Obviously you've made up your mind, but isn't what you're talking about the religious sacrament of marriage, which won't be affected at all by the constitutional change? Churches can still specify that church marriages have to be between a man and a woman, and that's their prerogative. A civil marriage isn't in the sight of anyone except the state (in fact you can't have any religious accoutrements/music at a civil ceremony). Churches in Ireland facilitate civil marriage by having the civil ceremony (signing of register in front of witnesses) during the church ceremony, but it's a separate thing and in many countries (eg France) the two marriage ceremonies happen in different buildings.
"(in fact you can't have any religious accoutrements/music at a civil ceremony)"
Sorry, meant to say at a purely civil ceremony, ie registry office wedding. Obviously the civil marriage bit of a church wedding is a different beast.
gabsdot45 with the greatest of respect (and I mean that) you are wrong. A civil marriage is not a union of a man and a woman before God. Civil marriage makes no mention of God. It is state recognition for the Union. Religious marriage will be unaffected by this referendum. In religious ceremonies marriage will continue to be the Union of a man and a woman before God. Unless the religion itself opts to extend (which I think we can safely assume won't happen in either of our lifetimes certainly where the RC church is concerned).
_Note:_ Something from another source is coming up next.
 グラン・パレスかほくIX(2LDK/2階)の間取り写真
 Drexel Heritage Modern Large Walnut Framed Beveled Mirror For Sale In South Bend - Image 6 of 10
I have to say tazzy73 you sound quite intolerant of others' views yourself.
I really hope its a Yes majority. I grew up in Ireland ( havent' lived there for 15 years now) and I was very pleasantly surprised to hear how many people are planning to vote yes. Like with civil marriage for SS couples in the UK in the past couple of years, its a shame we're even having a debate about this, but the tide is turning, no doubt about it.
If its a Yes majority, are there any plans to extend civil partnerships in Ireland to opposite sex couples, like the Tories are flat out refusing to do here?
"I have to say tazzy73 you sound quite intolerant of others' views yourself."
What's so intolerant about being an enthusiastic "yes" voter?
Also it's a bit difficult to be "live and let live" about others' views if they're portraying you or your friends/relatives as second-class citizens, or even if they're just (as gabsdot45 seems to be) kind of ill-informed. "Ah, you think this'll change religious marriage! You're wrong but I can't politely tell you because that's intolerant!" "Ah, you think all gay people are Hell-bound perverts but I can't tell you that's unacceptable because that would be intolerant!"
Obviously I don't think all No voters should be jeered at in the street or anything, and I believe there are people who are genuinely just misinformed or haven't thought it through, but I'm getting a bit tired of No campaigners claiming that they're being "bullied" and "shamed" by the big nasty Yes people for being ignorant and homophobic.
Another yes voter here. I hope to hell though that if the no vote wins it'll be another Lisbon treaty where we've to do it again until we give the right answer.
I meant her comment that she was going to be 'stepping back' from those friends who are voting no, which I took to mean cooling down the friendship. Apologies if I misinterpreted that bit?
You can't vote no and call yourself a tolerant person. You're afraid to tell anyone you're voting no because you are rightly ashamed of yourself, gabsdot. If you were confident you were right you wouldn't be hiding it.